◆ WHAT TO PRODUCE ◆
Each line that includes the word "with" should be copied from the records.
[Start of Attachment]
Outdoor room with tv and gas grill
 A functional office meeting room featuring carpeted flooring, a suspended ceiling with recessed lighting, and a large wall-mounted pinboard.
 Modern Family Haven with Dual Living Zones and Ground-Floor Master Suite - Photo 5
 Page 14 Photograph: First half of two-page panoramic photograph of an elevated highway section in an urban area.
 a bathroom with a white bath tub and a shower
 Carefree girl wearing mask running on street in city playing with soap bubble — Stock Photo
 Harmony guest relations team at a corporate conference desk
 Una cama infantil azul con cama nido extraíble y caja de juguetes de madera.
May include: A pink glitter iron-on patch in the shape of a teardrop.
[End of Attachment]
◆ RESULT ◆
Outdoor room with tv and gas grill
 A functional office meeting room featuring carpeted flooring, a suspended ceiling with recessed lighting, and a large wall-mounted pinboard.
 Modern Family Haven with Dual Living Zones and Ground-Floor Master Suite - Photo 5
 a bathroom with a white bath tub and a shower
 Carefree girl wearing mask running on street in city playing with soap bubble — Stock Photo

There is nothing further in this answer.